Pomranz wants to emphasize that in the short story, Raffy is not a victim.
“In fact, his being true to himself and helps everyone to eventually respect him for who he is,” Pomranz said. “Now, he has a lot more self confidence,” he added.
Taking inspiration from his godson’s story, Pomranz also lets his own experiences with bullying and teasing shine through in his book. As a kid, Pomranz said he felt like an outsider because he liked to sing and dance and as he grew older, he worked so much.
“I learned early on how to be myself, but it was sometimes lonely,” Pomranz said.
Teasing can be a part of growing up (I have some stories), but it can also have negative impacts on a person’s self-esteem. Trying to understand how we are as individuals and accepting ourselves while trying to fit in at the same time can be very challenging.
“Are we tall enough? Do we wear the right clothing? Is my nose too big?” Pomranz asked.
“Made by Raffi is an example of embracing one’s individuality. Especially now, it is so easy to bully others on the Internet. It is also so important to talk about bullying and understand the consequences of the behaviour,” he added.
Pomranz identified why it’s so important to bring awareness to the struggles young boys may experience about their identities: So much is lost when boys are encouraged to be tough and avoid untraditional activities.
“How many great artists, writers, dancers have never been encouraged to reach their potential? The human cost is great — little boys who don’t care so much about sports or hide their hobbies live in shame and think something is wrong with them, as Raffi did,” Pomranz said.

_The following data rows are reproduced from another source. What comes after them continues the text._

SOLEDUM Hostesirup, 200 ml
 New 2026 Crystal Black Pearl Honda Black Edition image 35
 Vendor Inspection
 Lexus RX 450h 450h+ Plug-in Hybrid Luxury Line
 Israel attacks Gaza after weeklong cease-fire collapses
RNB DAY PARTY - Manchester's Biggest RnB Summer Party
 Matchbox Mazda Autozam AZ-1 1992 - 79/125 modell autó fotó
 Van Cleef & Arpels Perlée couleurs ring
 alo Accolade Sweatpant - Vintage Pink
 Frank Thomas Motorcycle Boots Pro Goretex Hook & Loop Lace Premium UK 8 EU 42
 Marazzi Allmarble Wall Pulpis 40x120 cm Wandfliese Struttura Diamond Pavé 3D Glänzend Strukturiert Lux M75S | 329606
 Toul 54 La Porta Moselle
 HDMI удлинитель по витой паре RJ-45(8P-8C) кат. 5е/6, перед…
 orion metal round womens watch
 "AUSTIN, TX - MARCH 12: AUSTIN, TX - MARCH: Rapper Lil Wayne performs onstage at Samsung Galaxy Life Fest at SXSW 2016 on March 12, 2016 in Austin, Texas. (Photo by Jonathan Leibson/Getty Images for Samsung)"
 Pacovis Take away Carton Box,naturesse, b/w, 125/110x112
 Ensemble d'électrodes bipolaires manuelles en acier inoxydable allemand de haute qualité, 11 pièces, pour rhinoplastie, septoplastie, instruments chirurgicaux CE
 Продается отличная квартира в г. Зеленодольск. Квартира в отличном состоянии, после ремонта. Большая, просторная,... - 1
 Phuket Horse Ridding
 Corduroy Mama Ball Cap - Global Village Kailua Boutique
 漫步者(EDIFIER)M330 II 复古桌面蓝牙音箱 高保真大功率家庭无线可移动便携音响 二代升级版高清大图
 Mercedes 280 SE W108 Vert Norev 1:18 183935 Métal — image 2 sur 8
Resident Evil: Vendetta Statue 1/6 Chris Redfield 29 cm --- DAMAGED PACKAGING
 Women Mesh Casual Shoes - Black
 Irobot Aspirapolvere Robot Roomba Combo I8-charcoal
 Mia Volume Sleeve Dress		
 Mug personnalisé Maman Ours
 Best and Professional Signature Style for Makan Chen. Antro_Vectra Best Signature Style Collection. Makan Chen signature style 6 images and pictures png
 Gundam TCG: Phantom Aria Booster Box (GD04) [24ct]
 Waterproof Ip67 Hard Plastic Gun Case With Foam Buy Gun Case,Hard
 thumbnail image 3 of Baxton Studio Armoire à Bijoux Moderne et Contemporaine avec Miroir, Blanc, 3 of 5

“There is also misogyny built into the system. A tomboy is perceived as assertive, athletic, strong and when she is young, even celebrated. Girls want to be like boys, but no boy would want to be like a girl. Unacceptable! I think all boys and girls struggle with identity, and adults do too, as they try to conform unnecessarily,” he added.
Pomranz wants Made by Raffi to be a light-hearted way for parents and teachers to start a serious conversation. First, he encourages others to find strategies to fight peer pressure and second, to remember kindness and compassion when facing someone who is “othered.”
“You have to start young with this message. It is a habit best inculcated at an early age,” Pomranz said.